20 An object of s 9(4), as revealed by the text and confirmed by the second reading speech is to extend the operation of the prescribed provisions of the Act throughout Australia to the extent that the legislative powers of the Commonwealth Parliament may allow. Since the powers of the Parliament in relation to the Territories are relevantly plenary, it cannot have been intended that the prescribed provisions should have a very limited operation in relation to the Territories when the intention in relation to Australia generally was to give the provisions as wide an operation as possible. The two ideas are simply inconsistent. (There was no suggestion that any express or implied restrictions on Commonwealth legislative power deriving from other features of the Constitution were relevant here: see Newcrest Mining (WA) Ltd v Commonwealth (1997) 190 CLR 513; Capital Duplicators Pty Ltd v Australian Capital Territory (1992) 177 CLR 248).
21 This conclusion is reinforced by the circumstance that s 12(1) of the SDAexplicitly provides that the Act ‘binds the Crown in right of the Commonwealth and of Norfolk Island’. This provision has the effect of binding at least the Administrator, and probably also the Administration, of Norfolk Island: cf Norfolk Island Act, s 5(1), (2). It would be counterintuitive, if not absurd, if the government of Norfolk Island were bound, but an Act of this nature did not have general effect on the Island.

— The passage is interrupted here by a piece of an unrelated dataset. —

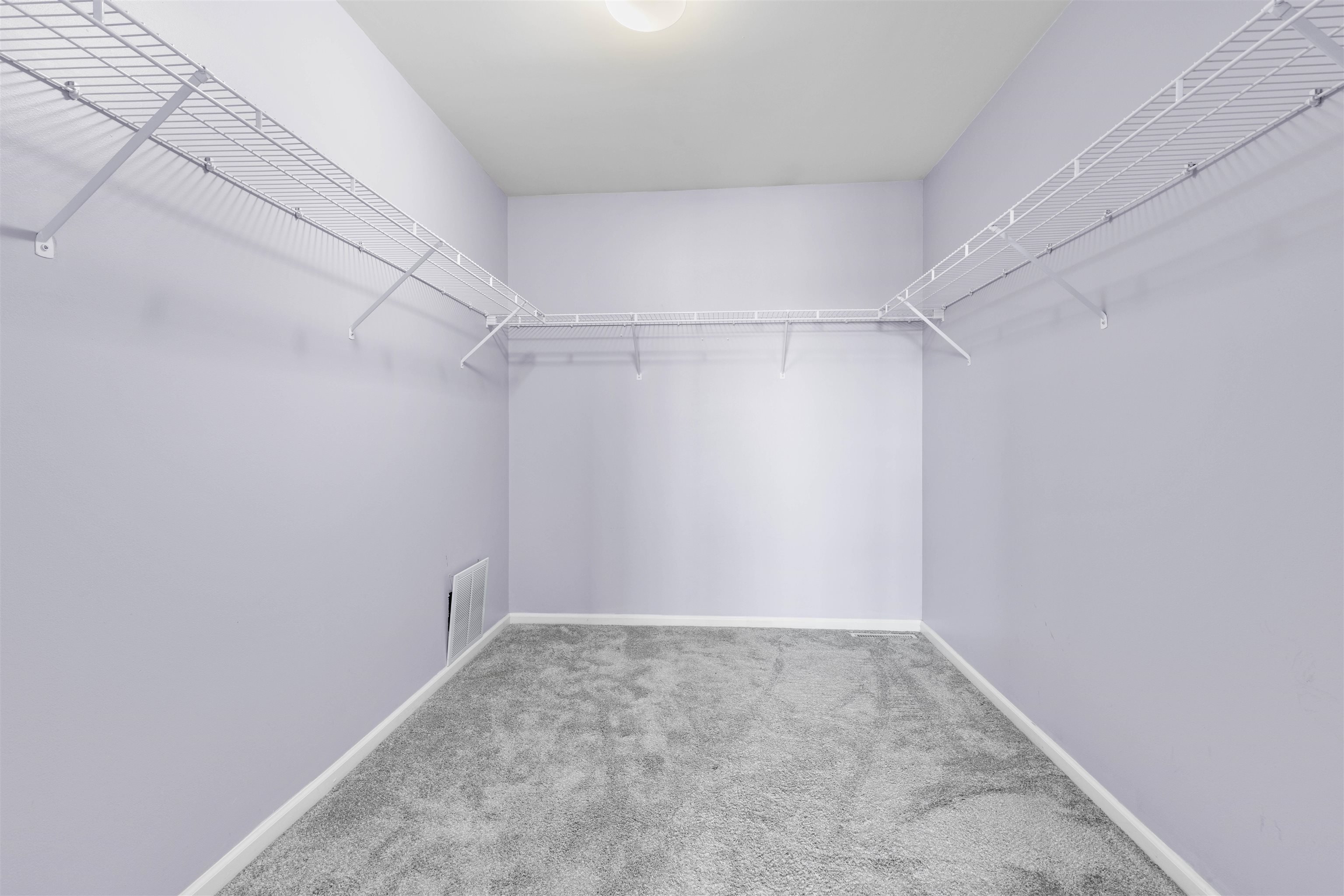 9360 Corriedale Run Roscoe, IL 61073 - Photo 16 of 34 a view of a room with racks on the wall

22 The appellant also argued that on no view was s 106 of the SDA expressed to apply to the Territory of Norfolk Island at all, since it is not one of the prescribed provisions of Part II or of the prescribed provisions of Div 3 of Part II, and that it therefore fell entirely outside the limits described in s 9. As discussed already, however, s 9(3) provides that ‘[t]his Act’ has effect in relation to acts done in a Territory. It does not merely provide that ‘the prescribed provisions’ have effect in relation to acts done within a Territory. Plainly, s 106 is included in the provisions with which s 9(3) is concerned. The ‘following provisions’ of s 9 are, in that context, irrelevant.
23 It follows that the first ground of appeal must be rejected.
WHETHER THE EMPLOYER WAS VICARIOUSLY LIABLE
24 We now turn to the appellant’s contention that even if the SDA applied to the conduct in issue, it was not vicariously liable for the unlawful acts of its employee, Mr Anderson.
25 Vicarious liability is provided for by s 106 of the Act, which is in the following terms:
(1) Subject to subsection (2), where an employee or agent of a person does, in connection with the employment of the employee or with the duties of the agent as an agent:
(a) an act that would, if it were done by the person, be unlawful under Division 1 or 2 of Part II (whether or not the act done by the employee or agent is unlawful under Division 1 or 2 of Part II); or
(b) an act that is unlawful under Division 3 of Part II;
this Act applies in relation to that person as if that person had also done the act.
(2) Subsection (1) does not apply in relation to an act of a kind referred to in paragraph (1)(a) or (b) done by an employee or agent of a person if it is established that the person took all reasonable steps to prevent the employee or agent from doing acts of the kind referred to in that paragraph.
26 As noted, the appellant challenged the finding of the Federal Magistrate that Anderson’s conduct was ‘in connection with [his] employment’ and so challenged the conclusion that, by virtue of s 106(1) of the SDA, the Act applied in relation to the appellant ‘as if that person had also done the act’.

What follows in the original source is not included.